* Exercise requirements
Print every line of the listing below, starting with the line that holds "EBEL. Eishockey Bundesliga." and going on through the line that holds "Completo Lenzuola In", both included, and print nothing else.

* Data extracts
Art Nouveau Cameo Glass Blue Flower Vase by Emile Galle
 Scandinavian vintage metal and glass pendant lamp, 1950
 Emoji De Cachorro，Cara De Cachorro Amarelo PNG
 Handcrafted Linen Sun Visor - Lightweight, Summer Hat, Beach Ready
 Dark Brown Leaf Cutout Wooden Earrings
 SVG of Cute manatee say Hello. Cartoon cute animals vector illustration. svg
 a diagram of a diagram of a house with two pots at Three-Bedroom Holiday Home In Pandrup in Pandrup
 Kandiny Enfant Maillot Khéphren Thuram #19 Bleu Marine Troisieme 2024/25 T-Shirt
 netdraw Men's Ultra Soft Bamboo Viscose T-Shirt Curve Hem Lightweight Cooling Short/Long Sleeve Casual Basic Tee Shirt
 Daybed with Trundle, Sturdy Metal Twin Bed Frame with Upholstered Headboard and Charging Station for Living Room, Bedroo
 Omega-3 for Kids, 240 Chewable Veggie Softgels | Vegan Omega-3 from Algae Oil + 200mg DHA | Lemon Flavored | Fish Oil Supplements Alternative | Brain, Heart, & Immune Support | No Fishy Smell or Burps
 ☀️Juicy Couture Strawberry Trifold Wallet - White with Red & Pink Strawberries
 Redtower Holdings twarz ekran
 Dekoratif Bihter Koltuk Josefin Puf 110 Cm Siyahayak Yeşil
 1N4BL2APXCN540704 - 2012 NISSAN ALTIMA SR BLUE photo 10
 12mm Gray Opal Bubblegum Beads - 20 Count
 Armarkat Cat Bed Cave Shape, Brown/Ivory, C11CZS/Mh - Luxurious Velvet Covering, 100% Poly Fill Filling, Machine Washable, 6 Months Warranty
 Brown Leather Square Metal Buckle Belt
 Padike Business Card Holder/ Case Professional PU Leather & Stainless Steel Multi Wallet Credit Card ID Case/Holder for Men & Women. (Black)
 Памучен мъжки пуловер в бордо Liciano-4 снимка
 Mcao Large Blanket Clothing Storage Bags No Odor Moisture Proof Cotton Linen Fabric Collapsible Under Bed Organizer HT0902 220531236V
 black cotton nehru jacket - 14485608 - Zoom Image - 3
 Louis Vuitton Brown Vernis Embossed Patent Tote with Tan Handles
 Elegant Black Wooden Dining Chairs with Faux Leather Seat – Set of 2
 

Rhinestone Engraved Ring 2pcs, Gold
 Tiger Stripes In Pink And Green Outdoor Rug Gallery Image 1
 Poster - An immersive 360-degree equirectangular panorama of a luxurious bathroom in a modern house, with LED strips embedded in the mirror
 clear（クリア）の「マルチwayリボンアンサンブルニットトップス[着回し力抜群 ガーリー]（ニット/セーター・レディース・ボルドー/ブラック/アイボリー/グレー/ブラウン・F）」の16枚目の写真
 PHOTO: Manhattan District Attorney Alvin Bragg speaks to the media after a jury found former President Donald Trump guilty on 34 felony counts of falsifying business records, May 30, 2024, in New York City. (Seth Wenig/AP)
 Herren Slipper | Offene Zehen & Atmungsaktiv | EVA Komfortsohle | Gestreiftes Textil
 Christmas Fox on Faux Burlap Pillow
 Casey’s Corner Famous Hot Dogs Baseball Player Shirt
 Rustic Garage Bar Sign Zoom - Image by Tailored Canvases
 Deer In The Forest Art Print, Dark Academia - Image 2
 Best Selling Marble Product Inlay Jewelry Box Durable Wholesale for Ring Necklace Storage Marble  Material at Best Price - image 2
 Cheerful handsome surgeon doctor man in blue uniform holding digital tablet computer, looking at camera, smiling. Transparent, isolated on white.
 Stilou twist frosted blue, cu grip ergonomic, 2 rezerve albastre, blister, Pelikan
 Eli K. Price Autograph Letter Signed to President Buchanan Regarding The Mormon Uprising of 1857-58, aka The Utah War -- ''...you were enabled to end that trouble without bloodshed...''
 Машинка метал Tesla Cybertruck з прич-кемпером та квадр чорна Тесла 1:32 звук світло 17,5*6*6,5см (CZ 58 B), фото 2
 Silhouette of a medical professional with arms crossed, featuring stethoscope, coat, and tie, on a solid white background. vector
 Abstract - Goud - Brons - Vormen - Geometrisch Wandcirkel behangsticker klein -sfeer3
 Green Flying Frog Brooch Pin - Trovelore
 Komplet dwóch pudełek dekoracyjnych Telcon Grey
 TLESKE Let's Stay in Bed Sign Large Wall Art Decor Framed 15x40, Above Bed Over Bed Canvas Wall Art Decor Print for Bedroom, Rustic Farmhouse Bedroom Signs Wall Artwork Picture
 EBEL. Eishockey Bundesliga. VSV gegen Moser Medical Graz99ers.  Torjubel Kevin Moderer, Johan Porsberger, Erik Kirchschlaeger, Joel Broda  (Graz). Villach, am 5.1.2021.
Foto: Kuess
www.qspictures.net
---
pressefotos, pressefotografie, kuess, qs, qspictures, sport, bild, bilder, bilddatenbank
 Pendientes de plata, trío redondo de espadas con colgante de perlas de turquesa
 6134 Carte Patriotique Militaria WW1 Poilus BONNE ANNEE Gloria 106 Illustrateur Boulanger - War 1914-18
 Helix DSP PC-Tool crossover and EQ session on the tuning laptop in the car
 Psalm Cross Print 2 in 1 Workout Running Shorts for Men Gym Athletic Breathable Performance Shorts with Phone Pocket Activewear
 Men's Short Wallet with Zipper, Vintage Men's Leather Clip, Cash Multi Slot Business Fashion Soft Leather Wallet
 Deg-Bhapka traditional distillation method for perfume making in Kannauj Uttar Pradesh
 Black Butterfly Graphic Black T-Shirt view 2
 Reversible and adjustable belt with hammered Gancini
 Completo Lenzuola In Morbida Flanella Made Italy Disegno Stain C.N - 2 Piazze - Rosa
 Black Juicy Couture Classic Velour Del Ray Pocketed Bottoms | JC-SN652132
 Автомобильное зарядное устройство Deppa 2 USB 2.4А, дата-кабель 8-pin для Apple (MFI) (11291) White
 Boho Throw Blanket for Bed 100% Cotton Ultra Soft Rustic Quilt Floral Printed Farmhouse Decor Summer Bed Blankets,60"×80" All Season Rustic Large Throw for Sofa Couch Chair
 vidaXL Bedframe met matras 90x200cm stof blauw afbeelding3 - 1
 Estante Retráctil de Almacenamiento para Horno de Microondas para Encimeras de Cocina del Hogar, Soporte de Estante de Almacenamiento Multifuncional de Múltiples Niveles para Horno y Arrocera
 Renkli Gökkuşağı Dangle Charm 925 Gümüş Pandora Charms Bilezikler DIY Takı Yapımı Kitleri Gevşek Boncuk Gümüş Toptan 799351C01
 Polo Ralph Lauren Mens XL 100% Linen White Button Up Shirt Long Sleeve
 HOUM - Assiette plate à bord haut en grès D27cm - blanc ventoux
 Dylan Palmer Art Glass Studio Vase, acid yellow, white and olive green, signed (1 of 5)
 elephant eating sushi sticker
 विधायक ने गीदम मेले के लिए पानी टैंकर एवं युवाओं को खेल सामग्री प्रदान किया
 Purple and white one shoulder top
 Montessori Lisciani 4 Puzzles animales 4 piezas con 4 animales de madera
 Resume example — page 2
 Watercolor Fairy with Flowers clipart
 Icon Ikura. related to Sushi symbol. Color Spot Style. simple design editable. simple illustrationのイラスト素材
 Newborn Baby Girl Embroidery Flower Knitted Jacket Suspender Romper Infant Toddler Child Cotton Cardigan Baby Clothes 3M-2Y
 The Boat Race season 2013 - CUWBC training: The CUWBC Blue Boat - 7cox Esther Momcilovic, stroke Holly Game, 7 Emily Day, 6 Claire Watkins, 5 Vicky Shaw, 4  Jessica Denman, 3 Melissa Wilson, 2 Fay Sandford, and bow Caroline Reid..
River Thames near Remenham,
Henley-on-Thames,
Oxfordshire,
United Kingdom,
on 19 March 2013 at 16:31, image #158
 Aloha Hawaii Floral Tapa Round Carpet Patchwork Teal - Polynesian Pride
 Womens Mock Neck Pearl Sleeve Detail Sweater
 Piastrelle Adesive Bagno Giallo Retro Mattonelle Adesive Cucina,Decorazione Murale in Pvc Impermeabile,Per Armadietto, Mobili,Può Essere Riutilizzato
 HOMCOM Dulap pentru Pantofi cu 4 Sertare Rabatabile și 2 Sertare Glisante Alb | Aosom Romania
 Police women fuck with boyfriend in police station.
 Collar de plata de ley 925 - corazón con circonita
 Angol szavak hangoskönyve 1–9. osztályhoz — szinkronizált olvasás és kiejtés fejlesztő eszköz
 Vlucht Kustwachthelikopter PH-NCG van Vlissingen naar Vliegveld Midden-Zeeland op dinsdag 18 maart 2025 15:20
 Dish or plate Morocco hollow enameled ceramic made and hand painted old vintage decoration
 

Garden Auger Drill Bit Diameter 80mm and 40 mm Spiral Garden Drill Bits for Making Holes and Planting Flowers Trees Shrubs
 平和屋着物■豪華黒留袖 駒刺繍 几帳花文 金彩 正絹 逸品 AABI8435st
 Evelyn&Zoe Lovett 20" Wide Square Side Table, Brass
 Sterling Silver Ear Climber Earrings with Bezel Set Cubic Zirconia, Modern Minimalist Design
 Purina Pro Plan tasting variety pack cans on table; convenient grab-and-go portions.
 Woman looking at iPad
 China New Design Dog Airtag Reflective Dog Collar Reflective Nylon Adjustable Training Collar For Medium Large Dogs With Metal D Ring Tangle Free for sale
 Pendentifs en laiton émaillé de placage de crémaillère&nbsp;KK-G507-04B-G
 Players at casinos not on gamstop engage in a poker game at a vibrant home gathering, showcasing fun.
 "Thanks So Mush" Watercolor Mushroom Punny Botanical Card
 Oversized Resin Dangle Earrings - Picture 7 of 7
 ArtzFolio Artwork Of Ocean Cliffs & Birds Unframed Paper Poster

* Solution for this problem
 EBEL. Eishockey Bundesliga. VSV gegen Moser Medical Graz99ers.  Torjubel Kevin Moderer, Johan Porsberger, Erik Kirchschlaeger, Joel Broda  (Graz). Villach, am 5.1.2021.
Foto: Kuess
www.qspictures.net
---
pressefotos, pressefotografie, kuess, qs, qspictures, sport, bild, bilder, bilddatenbank
 Pendientes de plata, trío redondo de espadas con colgante de perlas de turquesa
 6134 Carte Patriotique Militaria WW1 Poilus BONNE ANNEE Gloria 106 Illustrateur Boulanger - War 1914-18
 Helix DSP PC-Tool crossover and EQ session on the tuning laptop in the car
 Psalm Cross Print 2 in 1 Workout Running Shorts for Men Gym Athletic Breathable Performance Shorts with Phone Pocket Activewear
 Men's Short Wallet with Zipper, Vintage Men's Leather Clip, Cash Multi Slot Business Fashion Soft Leather Wallet
 Deg-Bhapka traditional distillation method for perfume making in Kannauj Uttar Pradesh
 Black Butterfly Graphic Black T-Shirt view 2
 Reversible and adjustable belt with hammered Gancini
 Completo Lenzuola In Morbida Flanella Made Italy Disegno Stain C.N - 2 Piazze - Rosa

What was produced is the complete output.